The subject matter: Title/Abstract/ Specification (Teachings), Claims (Legal Limits), the science, business and regulation of the innovation area.

When

Timeline of inventions, of discoveries, of rights and responsibilities.

Where

Institution of work, country and region of invention, jurisdiction of patent, geography of market.

Why

Ahh.. the big one: The innovation trajectory! what is the jigsaw puzzle (solution set) to which this piece contributes?

&  the

How

The Lens I: What it’s all about

Since its inception twenty five years ago, Cambia has had one goal, even a passion:  to ‘democratize’ science-enabled innovation.

After over twenty years of laboratory work in CambiaLabs, creating, distributing and supporting openly available biological enabling technologies to the global research community –  some of which are amongst the most widely used in the field – we hung up our lab coats and put away our pipettes a few years back.

After over ten years of developing, improving and hosting the Patent Lens,  a hugely popular open web resource, we’re soon to be retiring the site per se.

After almost ten years designing, launching and supporting the BIOS Initiative (Biological Innovation for Open Society, aka Biological Open Source), its new ‘open source’ licensing strategies and its online collaboration platform Bioforge, we pretty much stopped about three years ago.  We turned off bioforge.net.

So we’re quitting?  We’ve run out of steam?    Is this the inevitable demise of the simplistic, science as social enterprise, sharing paradigm?

No bloody way, mate.

We have worked hard, contributed some and learnt much in these decades.   But progress through scientific method is based on having hypotheses *disproved*, not proved.     In the course of this – with careful design and with some grudging willingness be wrong – one gets closer to a truth.

So, doing all this stuff, we identified a common global, structural and systemic opportunity to change the system.

Biological Open Source won’t work without it.   Bioforge didn’t work without it. The Public Sector works very poorly without it.   Small enterprise desperately needs it.  Big business wastes billions to get it.

The biggest inefficiency in the history of post-enlightenment civilization is now entrenched, ubiquitous and feels inevitable.

And its pretty similar to the development of clergy, with their ecclesiastical literature, liturgy and their choke hold on society for the previous millenium.

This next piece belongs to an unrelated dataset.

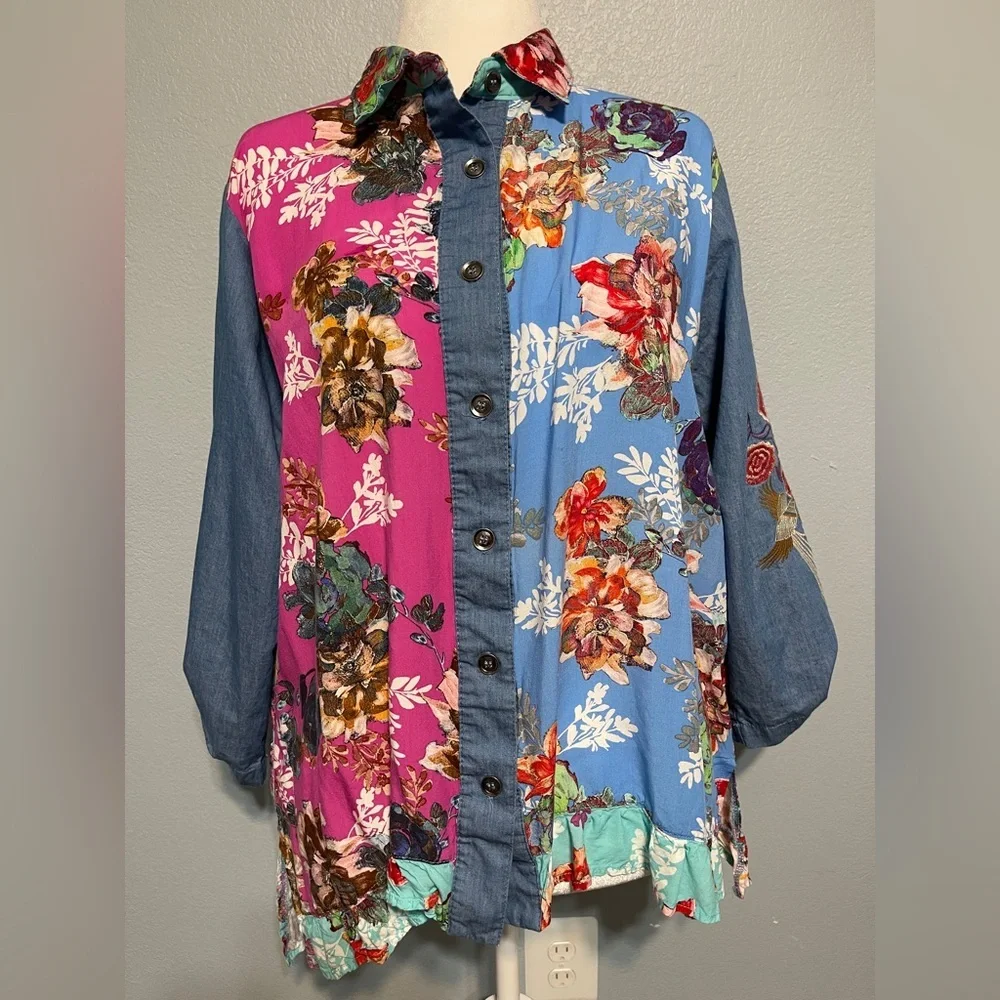 Calessa Boho Patchwork Floral Button Front Tunic Shirt Embroidered Sleeves 2X - Picture 1 of 9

Put simply,  we have to completely shift the demographics of problem solving by creating a global, open and dynamic resource for ‘innovation cartography’.

We must make it possible for virtually anyone to understand the landscapes of science, intellectual property, business, regulation and other innovation ‘intelligence’ that is necessary to make creative enterprise a possibility at all levels of society.

Creating and using credible dynamic landscapes showing the What, Who, Which, When, Where and Why of science-enabled innovation,  individuals and institutions in public and private sector can envision trajectories, partnerships, strategies, risks and opportunities.   We can engage untapped social, financial and intellectual capital to solve real and compelling problems.

These may be food, health, environment, energy or virtually any other productive economic activity.

The Lens

It would have been unthinkably hard ten years ago.  Five years ago, untenable and outrageously expensive.

Now, its manageable, affordable.  And essential.

The next posts will be about the ‘how’.

But it will *start* with  the world’s patents as the entry point to innovation intelligence.